According to some pundits, we live in a post-truth world, surrounded by fake news, “alternative facts,” conspiracy theories, and dishonesty leaders. One risk of such misinformation is that people will believe it. This talk examines a different risk: that people will sometimes judge misinformation morally permissible even though they do not believe it. As a result, they may be less likely to hold its purveyors accountable and more likely to spread it themselves. I argue that even when people recognize misinformation as false, they will judge it as less unethical to spread if feels intuitively “truthy.” The talk will focus on two psychological factors that increase “truthiness” and shape moral judgments of misinformation in business, politics, and social media: imagination and repetition. A first set of experiments shows that known falsehoods receive less moral condemnation when people imagine how they might become true if circumstances change, or could have been true if circumstances had been different. These effects were particularly pronounced when people were motivated to excuse the falsehoods.
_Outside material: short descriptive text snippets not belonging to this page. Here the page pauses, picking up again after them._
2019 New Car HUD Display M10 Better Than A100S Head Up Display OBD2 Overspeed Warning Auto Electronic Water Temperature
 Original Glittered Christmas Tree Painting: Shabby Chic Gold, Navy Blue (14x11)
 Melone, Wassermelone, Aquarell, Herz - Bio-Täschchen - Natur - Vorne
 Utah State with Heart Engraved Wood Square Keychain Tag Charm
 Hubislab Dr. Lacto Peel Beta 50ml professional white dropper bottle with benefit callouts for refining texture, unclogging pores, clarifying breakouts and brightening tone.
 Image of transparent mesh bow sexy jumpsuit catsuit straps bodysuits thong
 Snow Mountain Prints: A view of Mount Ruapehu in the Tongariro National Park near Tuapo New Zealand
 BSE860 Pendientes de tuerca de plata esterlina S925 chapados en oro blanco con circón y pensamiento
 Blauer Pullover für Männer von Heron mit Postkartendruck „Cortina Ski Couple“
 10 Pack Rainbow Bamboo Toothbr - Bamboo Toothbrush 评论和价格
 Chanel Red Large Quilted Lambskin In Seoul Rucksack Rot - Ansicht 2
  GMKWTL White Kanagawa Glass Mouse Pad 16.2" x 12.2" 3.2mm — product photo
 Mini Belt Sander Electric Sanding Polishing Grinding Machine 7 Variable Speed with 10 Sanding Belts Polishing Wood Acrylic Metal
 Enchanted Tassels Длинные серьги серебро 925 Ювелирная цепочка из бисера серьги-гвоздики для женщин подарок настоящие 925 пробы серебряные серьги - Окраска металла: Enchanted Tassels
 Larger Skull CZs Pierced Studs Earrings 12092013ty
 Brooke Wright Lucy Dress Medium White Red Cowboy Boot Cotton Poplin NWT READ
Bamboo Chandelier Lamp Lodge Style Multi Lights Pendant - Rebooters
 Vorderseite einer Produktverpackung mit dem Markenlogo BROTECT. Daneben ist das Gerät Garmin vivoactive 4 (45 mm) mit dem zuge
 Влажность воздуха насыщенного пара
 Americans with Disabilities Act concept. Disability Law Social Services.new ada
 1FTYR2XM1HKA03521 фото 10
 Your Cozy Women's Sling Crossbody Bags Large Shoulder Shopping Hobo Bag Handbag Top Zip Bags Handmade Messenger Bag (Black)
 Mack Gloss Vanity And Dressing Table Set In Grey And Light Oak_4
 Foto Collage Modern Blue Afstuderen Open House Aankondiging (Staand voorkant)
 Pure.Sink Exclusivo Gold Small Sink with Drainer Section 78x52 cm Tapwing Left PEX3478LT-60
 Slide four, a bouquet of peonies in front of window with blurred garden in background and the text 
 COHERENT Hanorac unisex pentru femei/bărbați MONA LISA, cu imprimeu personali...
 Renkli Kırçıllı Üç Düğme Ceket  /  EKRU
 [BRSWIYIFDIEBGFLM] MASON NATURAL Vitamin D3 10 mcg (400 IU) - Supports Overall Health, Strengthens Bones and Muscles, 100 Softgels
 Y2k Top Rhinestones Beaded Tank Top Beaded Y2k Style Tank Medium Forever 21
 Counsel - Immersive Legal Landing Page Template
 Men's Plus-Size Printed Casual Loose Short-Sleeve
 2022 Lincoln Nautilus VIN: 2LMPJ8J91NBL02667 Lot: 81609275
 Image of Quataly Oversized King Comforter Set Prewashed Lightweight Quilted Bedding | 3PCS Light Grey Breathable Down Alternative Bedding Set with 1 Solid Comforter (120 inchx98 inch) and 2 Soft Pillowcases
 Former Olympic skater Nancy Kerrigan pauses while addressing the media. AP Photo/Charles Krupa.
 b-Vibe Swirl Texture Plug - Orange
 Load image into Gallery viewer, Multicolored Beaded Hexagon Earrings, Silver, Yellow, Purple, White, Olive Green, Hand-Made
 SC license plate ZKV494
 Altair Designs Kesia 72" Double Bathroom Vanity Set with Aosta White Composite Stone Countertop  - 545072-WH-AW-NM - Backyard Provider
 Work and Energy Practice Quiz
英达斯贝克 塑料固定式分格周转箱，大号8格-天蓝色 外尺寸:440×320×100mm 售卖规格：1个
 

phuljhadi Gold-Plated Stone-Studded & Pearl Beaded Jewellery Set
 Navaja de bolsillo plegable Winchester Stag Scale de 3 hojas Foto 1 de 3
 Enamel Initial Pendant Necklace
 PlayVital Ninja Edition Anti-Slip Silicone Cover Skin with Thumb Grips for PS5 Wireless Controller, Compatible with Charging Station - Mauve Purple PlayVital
A second set of experiments shows that repeatedly encountering the same fake-news article reduces the moral condemnation it receives – even when people know it is fake. Interventions that increase deliberative thinking have potential to reduce these effects, according to preliminary evidence. I will discuss implications for navigating the post-truth world.
Speakers
- Daniel Effron is an Associate Professor of Organisational Behaviour at London Business School. Previously, he taught at the Kellogg School of Management at Northwestern University, and was a fellow of the Edmond J. Safra Center for Ethics at Harvard University. He earned a Ph.D. in social psychology from Stanford University, and a B.A. in psychology from Yale University (magna cum laude). His research examines the psychological processes that allow people to act unethically without feeling unethical. He also researches how people form judgments of others' wrongdoing. His work has appeared in such scholarly publications as Journal of Personality and Social Psychology, Psychological Science, Organizational Behavior and Human Decision Processes, Journal of Experimental Social Psychology, Personality and Social Psychology Bulletin, and Journal of Consumer Research, and has been featured in such popular media outlets as the New York Times, the Washington Post, the Los Angeles Times, The Atlantic, and BBC News. Named one of the "Best 40 Business Professors Under 40" by Poets & Quants, he has been honored with teaching awards from the MBA classes of 2015 and 2020 at London Business School, and a Dissertation Research Award from the American Psychological Association.
- Karl Aquino is the Richard Poon Professor of Organizations and Society in the Marketing and Behavioural Science Division at the UBC Sauder School of Business.